The repetition of rape culture discourse is obvious. To the young person: your body is essentially sexual, you must cover it over and move only in ways that other, more powerful, humans dictate. You must do this to protect yourself against violent sex crimes, and you will do it because you are ultimately responsible for your own protection. Of course there must be boundaries with minors. I would hope I don’t have to argue that, but here is a message that is burdened upon the most vulnerable time and time again. Do we ask ourselves if this is ever helpful? What is achieved through these rules for young bodies apart from an early body shaming and fear? And when we squeeze young bodies into a trajectory that assumes all physical expression and contact is sexual, surely it dulls both the imagination and the senses? This is particular true in pop music.

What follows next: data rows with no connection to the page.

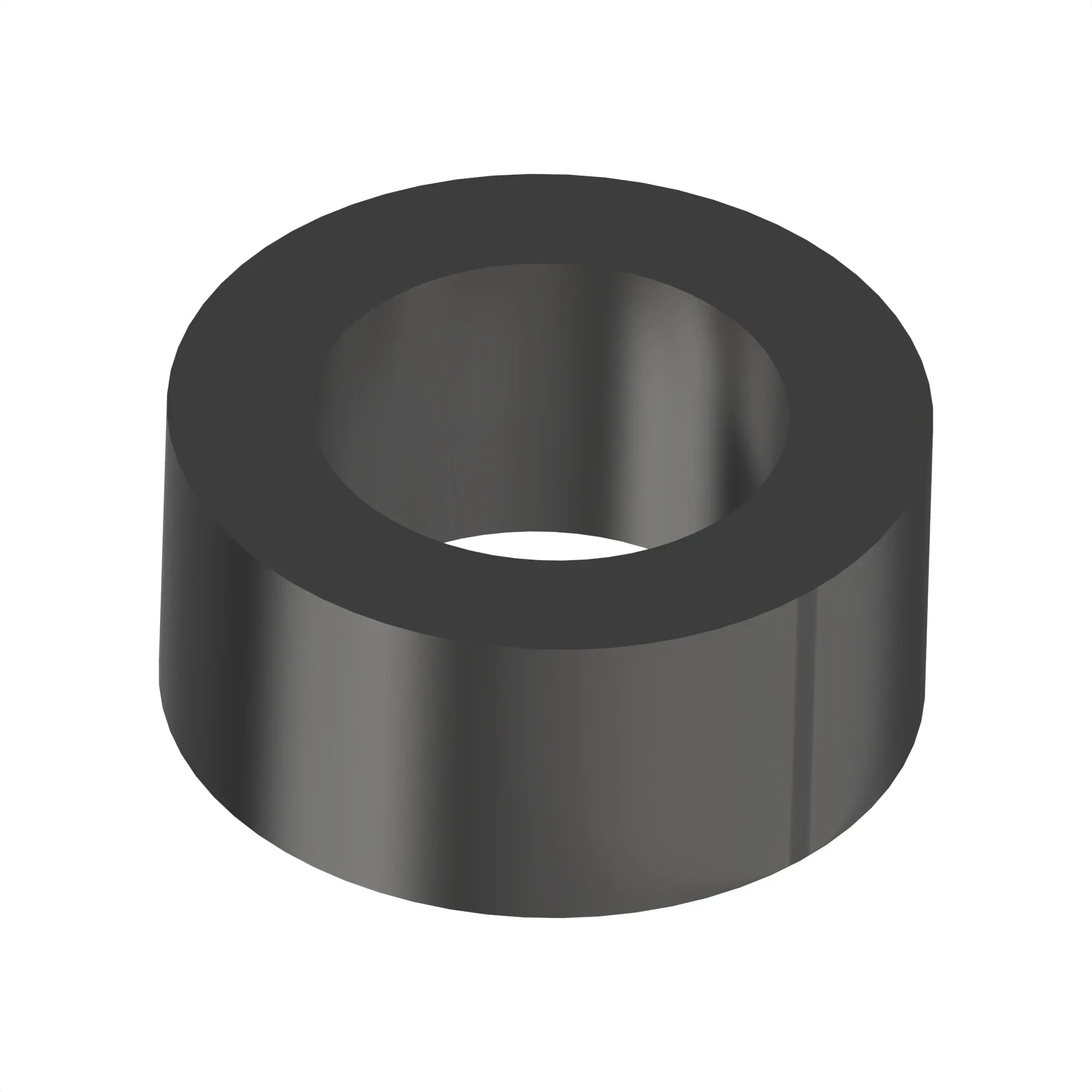 Bushing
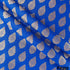 Banarasi Brocade Fabric-F4360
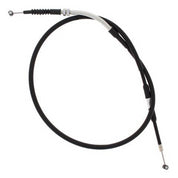 All Balls Clutch Cable For Kawasaki KX450F 2006-2008 45-2081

Consider the Disney child who grows up and inevitably feels a need to express adulthood in sexual terms. To be clear, I have no problem with this, but it does seem that their trajectory has been set, their imagination captured, their senses dulled. They have heard, ‘when you have some autonomy and want to explore and express yourself, perhaps through your body and art, this will be sexual, because you are most significantly, sexual.’
In Elastic Heart Sia clearly tells a story about herself. You might say it is haunting, disturbing, beautiful, poignant. You could say lots of things. Maddie returns to play the role of Sia. She is a dancer, a performer that uses her body to tell a story that is as riveting as it is confounding. And yet all that many can see is sex (a sex that is disordered and shameful). Is this really the only thing that we have to say to young people about their bodies?